It never fails. The conversation is always the same. Some girl says that they like a Cinderella Story or the Perfect Man or
Failure to Launch and I need to be the bearer of bad news: none of these movies are any good. And the reaction is always the
same: well, you’re a guy. Yes, I am, and a Cinderella Story is a bad movie.
I could be a chimpanzee and it would still be terrible. Gender has nothing to do with the argument. All movies have the possibility
of being great and all movies have the possibility of being terrible. All the ones I just named are terrible. Here is a great
one.
Catch and Release doesn’t
exactly tread new territory but it treads old territory with so much understanding and observation that it barely registers.
On the surface it is a romance, underneath it is both a tragedy and a comedy, in roughly that order, and because it is both
in such equal proportion, it is also neither.
The film is about a
girl named Gray who, as played by Jennifer Garner, possesses much of the same flair and dramatic depth of Julie Roberts. Gray
is to be married but after her fiancée Grady is killed while on a fishing trip before the wedding, Gray finds herself planning
a funeral instead.
She stays with two
of Grady’s kooky best friends, and one, a bad boy from L.A. who remains with them after coming for the funeral.
Thus Gray, through the help of the roommates, must learn to come to grips with what has happened and get her life back on
track. But there’s more. After her fiancée’s phone beginnings ringing one night, Gray learns that he was paying
a woman child support to help out with a son she never knew he had. Fritz (Timothy Olyphant) assures her that the kid is eight
years old and happened long before her. When the mother (Juliette Lewis) finally enters the picture it turns out that the
kid is closer to four and happened during her.
What I’ve just
described sounds like pretty standard fare. It wouldn’t help if I also included the fact that soon after, Gray and Fritz
slowly work their way into a relationship with each other. But the film is so comfortable in its own skin under the care of
writer/director Susannah Grant that we never once feel as though the plot is grinding its gears.
This is in part because
of the way in which Grant handles her narrative. Most romances set up a scenario which is then proceed by action: guy gets
girl, guy loses girl, girl realizes….etc. Catch and Release however is built upon a foundation of cause and effect.
It pauses to breathe, showing us life’s deterministic nature: all action is the stimulus for an equal reaction. The
film is not about big emotional actions like most Hollywood romances, but a chain of small
reactions which stem from an original catalyst. Thus, Grady’s death functions not as gimmick but rather a starting point
from which to build. The relationship between Gray and Fritz blossoms not through convenience, but a natural ordering of events,
and, most importantly, even when the possibility arises, none of the characters are played as caricature; they constantly
exist on our level.
This being the
case, both comedy and tragedy occur without build-up or payoff as events simply unfold; we watch how characters relate to
them and then they disappear. This is something that is so rarely see, that many critics have unfairly confused it with sloppiness.

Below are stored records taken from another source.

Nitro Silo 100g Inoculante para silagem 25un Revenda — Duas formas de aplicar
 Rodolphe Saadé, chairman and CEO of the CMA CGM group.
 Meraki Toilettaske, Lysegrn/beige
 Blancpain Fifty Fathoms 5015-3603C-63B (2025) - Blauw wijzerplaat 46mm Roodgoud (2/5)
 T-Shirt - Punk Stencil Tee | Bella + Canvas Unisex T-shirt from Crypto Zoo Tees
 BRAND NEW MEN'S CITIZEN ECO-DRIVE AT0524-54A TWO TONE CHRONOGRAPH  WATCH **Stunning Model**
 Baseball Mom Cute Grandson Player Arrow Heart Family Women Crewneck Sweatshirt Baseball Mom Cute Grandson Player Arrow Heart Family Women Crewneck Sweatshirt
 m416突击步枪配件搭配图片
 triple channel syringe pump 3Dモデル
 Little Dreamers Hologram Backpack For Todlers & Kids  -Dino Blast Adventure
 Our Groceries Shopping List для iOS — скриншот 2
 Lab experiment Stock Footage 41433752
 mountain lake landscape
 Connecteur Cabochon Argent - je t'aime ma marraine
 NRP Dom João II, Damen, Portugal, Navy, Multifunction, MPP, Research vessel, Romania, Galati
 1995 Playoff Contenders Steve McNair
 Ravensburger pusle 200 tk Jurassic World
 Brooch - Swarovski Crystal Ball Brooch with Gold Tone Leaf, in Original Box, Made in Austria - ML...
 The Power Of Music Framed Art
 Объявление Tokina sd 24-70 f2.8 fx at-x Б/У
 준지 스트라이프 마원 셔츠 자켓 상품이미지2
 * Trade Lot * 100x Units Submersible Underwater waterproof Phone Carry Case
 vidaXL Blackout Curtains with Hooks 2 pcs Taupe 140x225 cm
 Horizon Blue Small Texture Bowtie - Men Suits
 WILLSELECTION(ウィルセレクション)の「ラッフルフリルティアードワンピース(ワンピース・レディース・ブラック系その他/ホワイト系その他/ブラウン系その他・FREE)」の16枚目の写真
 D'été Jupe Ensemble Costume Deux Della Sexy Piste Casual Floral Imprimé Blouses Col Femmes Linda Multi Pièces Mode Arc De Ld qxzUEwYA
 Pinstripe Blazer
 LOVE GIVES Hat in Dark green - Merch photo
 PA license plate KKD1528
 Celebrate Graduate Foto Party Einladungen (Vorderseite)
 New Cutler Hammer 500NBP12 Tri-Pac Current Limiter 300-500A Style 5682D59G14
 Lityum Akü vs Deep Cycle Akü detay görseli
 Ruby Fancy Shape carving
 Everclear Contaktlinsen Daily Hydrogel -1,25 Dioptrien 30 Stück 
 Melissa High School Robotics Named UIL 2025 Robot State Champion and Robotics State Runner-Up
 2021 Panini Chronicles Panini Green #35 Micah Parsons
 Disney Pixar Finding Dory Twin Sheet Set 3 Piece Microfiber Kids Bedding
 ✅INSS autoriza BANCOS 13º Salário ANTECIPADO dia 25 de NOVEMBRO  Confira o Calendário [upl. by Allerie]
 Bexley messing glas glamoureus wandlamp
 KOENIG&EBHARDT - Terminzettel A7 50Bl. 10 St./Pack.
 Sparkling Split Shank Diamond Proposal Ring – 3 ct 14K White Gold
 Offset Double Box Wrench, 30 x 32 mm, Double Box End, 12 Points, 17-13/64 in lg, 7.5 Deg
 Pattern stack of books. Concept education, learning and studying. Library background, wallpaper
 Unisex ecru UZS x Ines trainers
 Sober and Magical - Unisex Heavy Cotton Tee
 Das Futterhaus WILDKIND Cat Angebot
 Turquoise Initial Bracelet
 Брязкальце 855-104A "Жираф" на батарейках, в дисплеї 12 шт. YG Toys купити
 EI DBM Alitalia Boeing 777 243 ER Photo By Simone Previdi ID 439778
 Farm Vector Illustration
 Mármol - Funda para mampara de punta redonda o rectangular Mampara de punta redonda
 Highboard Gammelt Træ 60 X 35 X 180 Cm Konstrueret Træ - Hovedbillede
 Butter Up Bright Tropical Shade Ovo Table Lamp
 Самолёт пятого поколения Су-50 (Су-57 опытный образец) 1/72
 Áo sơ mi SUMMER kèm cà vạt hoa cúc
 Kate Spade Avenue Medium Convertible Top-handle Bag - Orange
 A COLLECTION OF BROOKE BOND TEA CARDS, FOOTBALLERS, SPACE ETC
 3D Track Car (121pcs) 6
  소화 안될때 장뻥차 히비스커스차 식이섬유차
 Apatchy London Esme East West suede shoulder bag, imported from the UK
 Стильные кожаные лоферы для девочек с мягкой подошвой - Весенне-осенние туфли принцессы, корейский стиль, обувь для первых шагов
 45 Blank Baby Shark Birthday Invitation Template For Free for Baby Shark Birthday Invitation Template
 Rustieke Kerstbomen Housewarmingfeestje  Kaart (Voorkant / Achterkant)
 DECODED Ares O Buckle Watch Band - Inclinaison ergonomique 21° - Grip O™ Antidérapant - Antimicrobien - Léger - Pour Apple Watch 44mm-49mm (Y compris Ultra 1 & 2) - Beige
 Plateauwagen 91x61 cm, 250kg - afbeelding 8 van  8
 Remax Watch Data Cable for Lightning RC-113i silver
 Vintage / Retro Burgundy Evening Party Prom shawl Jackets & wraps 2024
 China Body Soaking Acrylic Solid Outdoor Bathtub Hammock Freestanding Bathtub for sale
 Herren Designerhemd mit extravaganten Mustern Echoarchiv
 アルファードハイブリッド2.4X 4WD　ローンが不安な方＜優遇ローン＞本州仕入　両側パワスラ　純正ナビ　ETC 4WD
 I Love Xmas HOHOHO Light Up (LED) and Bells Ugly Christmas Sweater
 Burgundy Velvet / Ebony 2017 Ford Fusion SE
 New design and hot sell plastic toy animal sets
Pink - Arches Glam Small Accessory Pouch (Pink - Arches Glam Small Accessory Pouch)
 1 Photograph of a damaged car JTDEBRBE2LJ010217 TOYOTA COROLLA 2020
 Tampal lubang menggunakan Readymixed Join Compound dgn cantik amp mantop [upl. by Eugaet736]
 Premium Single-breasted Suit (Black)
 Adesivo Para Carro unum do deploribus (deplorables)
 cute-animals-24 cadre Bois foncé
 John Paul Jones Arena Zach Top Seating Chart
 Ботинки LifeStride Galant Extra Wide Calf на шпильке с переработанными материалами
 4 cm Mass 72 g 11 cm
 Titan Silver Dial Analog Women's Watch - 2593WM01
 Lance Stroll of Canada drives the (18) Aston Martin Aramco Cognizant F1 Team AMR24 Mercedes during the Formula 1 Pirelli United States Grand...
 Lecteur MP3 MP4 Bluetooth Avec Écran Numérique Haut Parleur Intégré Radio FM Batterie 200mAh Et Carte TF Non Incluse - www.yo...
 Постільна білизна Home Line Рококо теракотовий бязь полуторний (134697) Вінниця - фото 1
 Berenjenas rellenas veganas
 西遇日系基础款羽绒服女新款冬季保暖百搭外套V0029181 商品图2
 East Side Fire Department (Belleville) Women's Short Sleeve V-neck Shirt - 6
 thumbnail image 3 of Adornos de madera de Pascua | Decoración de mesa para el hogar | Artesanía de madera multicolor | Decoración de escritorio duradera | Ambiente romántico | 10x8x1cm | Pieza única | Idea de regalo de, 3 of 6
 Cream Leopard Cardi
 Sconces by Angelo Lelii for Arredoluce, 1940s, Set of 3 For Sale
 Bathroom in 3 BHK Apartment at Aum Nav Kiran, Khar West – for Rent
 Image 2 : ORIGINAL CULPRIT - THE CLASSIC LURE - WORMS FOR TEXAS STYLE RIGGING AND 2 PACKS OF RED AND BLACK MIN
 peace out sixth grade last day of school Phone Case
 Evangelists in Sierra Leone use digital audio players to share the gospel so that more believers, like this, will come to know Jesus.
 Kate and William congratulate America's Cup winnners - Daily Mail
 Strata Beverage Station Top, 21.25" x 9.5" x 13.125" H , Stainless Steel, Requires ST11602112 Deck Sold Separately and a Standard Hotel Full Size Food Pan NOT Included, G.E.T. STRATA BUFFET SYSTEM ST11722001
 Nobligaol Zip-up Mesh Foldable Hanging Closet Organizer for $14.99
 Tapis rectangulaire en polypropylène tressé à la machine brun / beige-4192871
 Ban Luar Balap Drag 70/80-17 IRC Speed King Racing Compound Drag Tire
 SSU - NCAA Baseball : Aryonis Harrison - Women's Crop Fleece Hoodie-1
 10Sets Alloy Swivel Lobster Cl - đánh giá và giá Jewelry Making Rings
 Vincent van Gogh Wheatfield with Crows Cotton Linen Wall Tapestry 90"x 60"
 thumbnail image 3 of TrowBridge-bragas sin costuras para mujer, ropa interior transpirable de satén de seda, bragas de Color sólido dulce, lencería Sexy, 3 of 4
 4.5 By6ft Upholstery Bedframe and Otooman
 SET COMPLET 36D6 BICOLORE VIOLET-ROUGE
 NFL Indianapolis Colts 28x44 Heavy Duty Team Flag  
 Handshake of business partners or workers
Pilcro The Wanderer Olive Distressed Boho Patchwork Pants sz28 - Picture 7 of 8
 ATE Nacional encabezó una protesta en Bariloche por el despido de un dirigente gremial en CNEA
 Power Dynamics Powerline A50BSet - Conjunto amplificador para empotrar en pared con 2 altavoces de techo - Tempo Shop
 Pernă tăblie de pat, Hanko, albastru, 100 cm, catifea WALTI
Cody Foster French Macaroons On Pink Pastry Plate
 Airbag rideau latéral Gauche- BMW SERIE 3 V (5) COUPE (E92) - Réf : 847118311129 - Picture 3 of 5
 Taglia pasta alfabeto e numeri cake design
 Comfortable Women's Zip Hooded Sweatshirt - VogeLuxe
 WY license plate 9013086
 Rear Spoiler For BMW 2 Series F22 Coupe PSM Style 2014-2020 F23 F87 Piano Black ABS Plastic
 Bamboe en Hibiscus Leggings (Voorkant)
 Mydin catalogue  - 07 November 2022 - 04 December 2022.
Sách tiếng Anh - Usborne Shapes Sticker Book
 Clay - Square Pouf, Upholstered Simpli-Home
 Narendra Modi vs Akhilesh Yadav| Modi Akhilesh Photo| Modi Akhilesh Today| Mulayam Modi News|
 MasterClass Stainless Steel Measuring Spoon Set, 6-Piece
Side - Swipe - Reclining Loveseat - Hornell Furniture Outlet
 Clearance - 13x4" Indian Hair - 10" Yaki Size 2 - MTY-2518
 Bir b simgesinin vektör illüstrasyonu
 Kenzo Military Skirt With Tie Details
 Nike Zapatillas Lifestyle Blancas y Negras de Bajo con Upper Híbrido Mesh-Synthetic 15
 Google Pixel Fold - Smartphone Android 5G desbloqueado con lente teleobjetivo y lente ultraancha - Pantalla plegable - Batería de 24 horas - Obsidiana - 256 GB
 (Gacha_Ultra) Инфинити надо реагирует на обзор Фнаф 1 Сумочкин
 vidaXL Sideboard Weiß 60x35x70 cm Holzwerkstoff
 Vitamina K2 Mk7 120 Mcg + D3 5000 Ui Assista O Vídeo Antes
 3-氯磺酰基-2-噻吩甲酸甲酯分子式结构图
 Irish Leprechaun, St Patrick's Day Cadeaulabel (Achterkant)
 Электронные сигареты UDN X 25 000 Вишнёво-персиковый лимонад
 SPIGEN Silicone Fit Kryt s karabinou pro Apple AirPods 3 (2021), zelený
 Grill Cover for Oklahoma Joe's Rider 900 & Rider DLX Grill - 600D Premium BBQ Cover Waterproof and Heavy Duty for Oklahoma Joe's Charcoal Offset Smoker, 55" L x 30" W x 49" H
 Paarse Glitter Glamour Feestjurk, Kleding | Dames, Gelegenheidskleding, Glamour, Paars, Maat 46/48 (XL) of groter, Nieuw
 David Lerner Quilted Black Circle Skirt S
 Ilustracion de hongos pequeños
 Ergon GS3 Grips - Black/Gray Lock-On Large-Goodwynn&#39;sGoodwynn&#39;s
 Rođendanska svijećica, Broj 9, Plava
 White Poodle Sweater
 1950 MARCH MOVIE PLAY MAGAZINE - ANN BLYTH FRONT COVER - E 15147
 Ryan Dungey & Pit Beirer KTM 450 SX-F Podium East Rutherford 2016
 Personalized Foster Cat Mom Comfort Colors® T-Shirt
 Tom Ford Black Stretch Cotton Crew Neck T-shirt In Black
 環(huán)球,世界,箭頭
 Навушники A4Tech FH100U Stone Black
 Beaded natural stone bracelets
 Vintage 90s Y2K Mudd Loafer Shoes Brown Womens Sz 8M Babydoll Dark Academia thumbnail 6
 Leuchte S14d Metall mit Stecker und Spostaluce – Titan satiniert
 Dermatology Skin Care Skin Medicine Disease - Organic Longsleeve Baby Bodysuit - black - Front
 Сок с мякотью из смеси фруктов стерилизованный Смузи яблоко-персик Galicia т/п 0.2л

However this is not the case as we realize that some films merely leave you with the sense that their characters only exist
within the frame. Here Grant and her actors create what Cameron Crowe’s best work has achieved; a sense of comfort and
friendship, of relating to characters because they mirror our best qualities. Take this perfectly written dialogue which effortlessly
juggles sarcasm with pathos:
Fritz: I owe you an apology.
Gray: Just one?
Fritz: For the funeral.
Gray: Yeah, if it hadn't been for you, that would've been one great day.
Ultimately Catch and Release
is about how we grow and change in the face of tragedy, how we deal with it and sometimes quietly tip tow around it without
even noticing. How we say the wrong things until it’s finally too late to say the right ones. It’s a film of such
humor, joy and warmth that one almost forgets that it started with tragedy and sorrow. And then it leaves us with an invaluable
piece of optimism. Sometimes the best days of our lives are the product of some of the worst, that it takes death to appreciate
life, sorrow to appreciate joy, pain to appreciate pleasure. Alas, that’s why comedy and tragedy work so well together
in Catch and Release; they are the product of each other.